1

I'm loading all geographic entries (Q56061) from wikidata json dump. Whole dump contains about 16M entries according to Wikidata:Statistics page.

Using python3.4 + ijson + libyajl2 it comes to take about 93 hours of CPU (AMD Phenom II X4 945 3GHz) time just to parse the file. Using online sequential item queries for total of 2.3M entries of interest comes to take about 134 hours.

Is there some more optimal way to perform this task? (maybe, something like openstreetmap pdf format and osmosis tool)

QwiglyDee
  • 789
  • 8
  • 18
  • that's weird, in my experiments, parsing the whole dump only takes a few hours with a 2.5GHz CPU. I have been extracting all the instances of humans like so: `curl https://dumps.wikimedia.org/wikidatawiki/entities/latest-all.json.gz |gzip -d |wikidata-filter --claim P31:Q5 > humans.ndjson`. I can't recall exactly, but it took definitely less than 5 hours – maxlath Jan 12 '17 at 11:16
  • What is this wikidata-filter ? – QwiglyDee Jan 12 '17 at 14:54
  • If the wikidata-filter can only filter by single claim, it is not satisfactory, because territorial entities are usually in deep class hierarchy (need to get wdt:P31/wdt:P279*) – QwiglyDee Jan 12 '17 at 15:04
  • wikidata-filter http://github.com/maxlath/wikidata-filter – maxlath Jan 12 '17 at 18:02
  • what do you use to walk the graph? – maxlath Jan 12 '17 at 18:06
  • I do not walk the graph.
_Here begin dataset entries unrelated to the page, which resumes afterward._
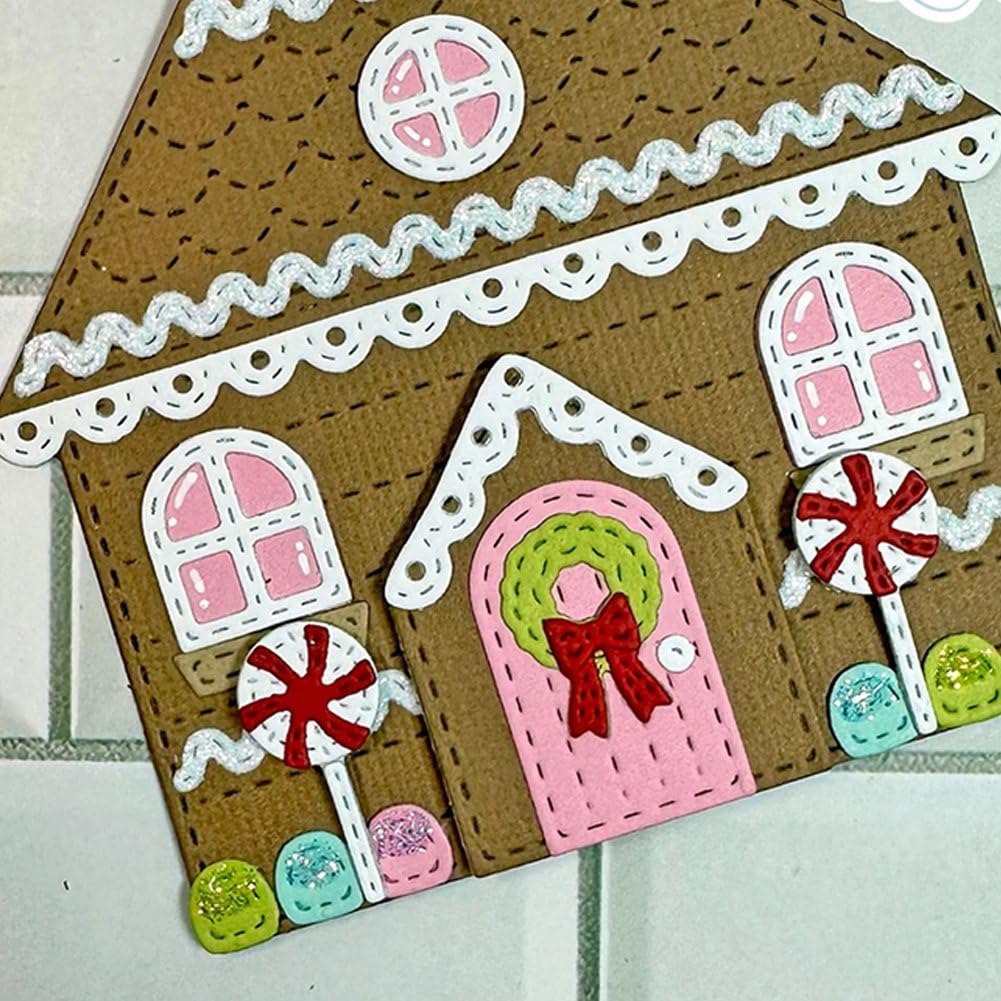 Metalowe szablony na Boże Narodzenie, piernikowy domek w kształcie pieczątek, szablony, scrapbooking, albumy, dekoracje, rzemiosło, majsterkowanie, kartki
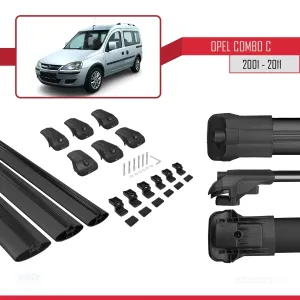 Opel Combo (C) 2001-2011 Arası ile uyumlu ACE-1 Ara Atkı Tavan Barı SİYAH 3 ADET BAR - Görsel 5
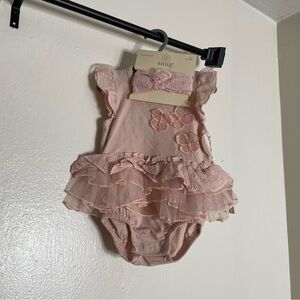 NWT Snug Baby 2 Piece Set | Romper & Headband | 6-9M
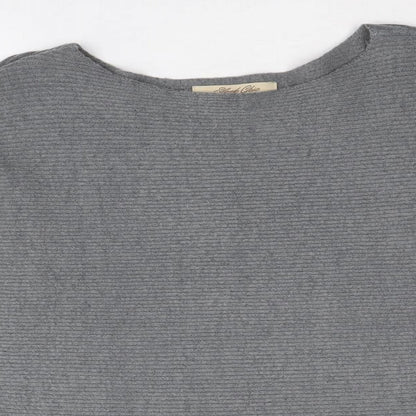 Sleek Chic Womens Grey Round Neck Acrylic Pullover Jumper Size M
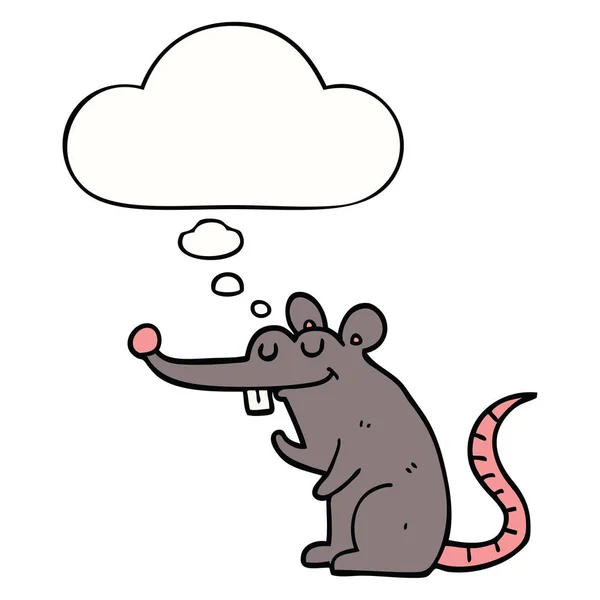 Rato de desenho animado e bolha de pensamento — Vetor de Stock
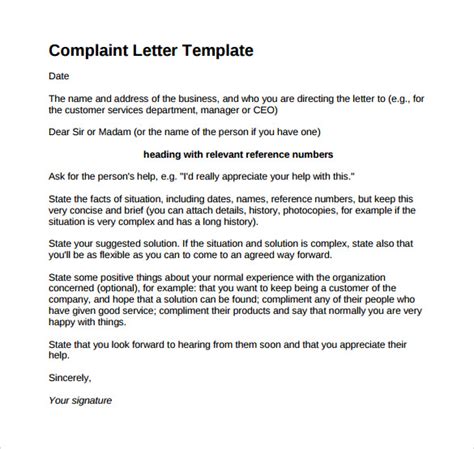 17 Sample Complaint Letters To Download Sample Templates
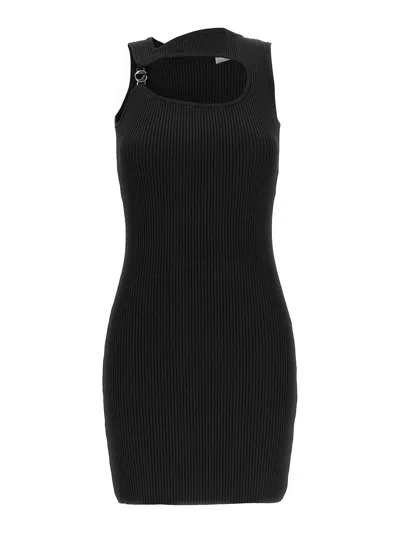 Coperni Knitted Cut-out Mini Dress In Black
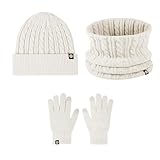 Sghtil Set aus Mütze und Schal für Damen – warmes Damen-Hut- und Handschuh-Schal-Set – Frauenhut, Handschuhe und Schal Set für Muttertag, Erntedankfest, Weihnachten, Zuhause, beige, Refer to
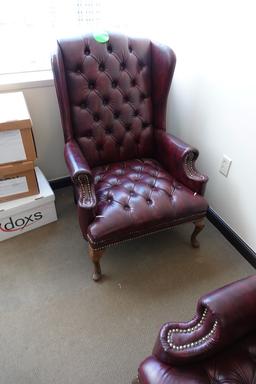 LEATHER WINGBACK CHAIRS (X2)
I've queried all the classes using query service, and then filter to match any of them. Over 4000 of them. So, wikidata-filter is not an option. – QwiglyDee Jan 14 '17 at 11:36

1 Answers1

0

My loading code and estimations were wrong.

Using ijson.backends.yajl2_cffi gives about 15 hours for full parsing + filtering + storing to database.

QwiglyDee
  • 789
  • 8
  • 18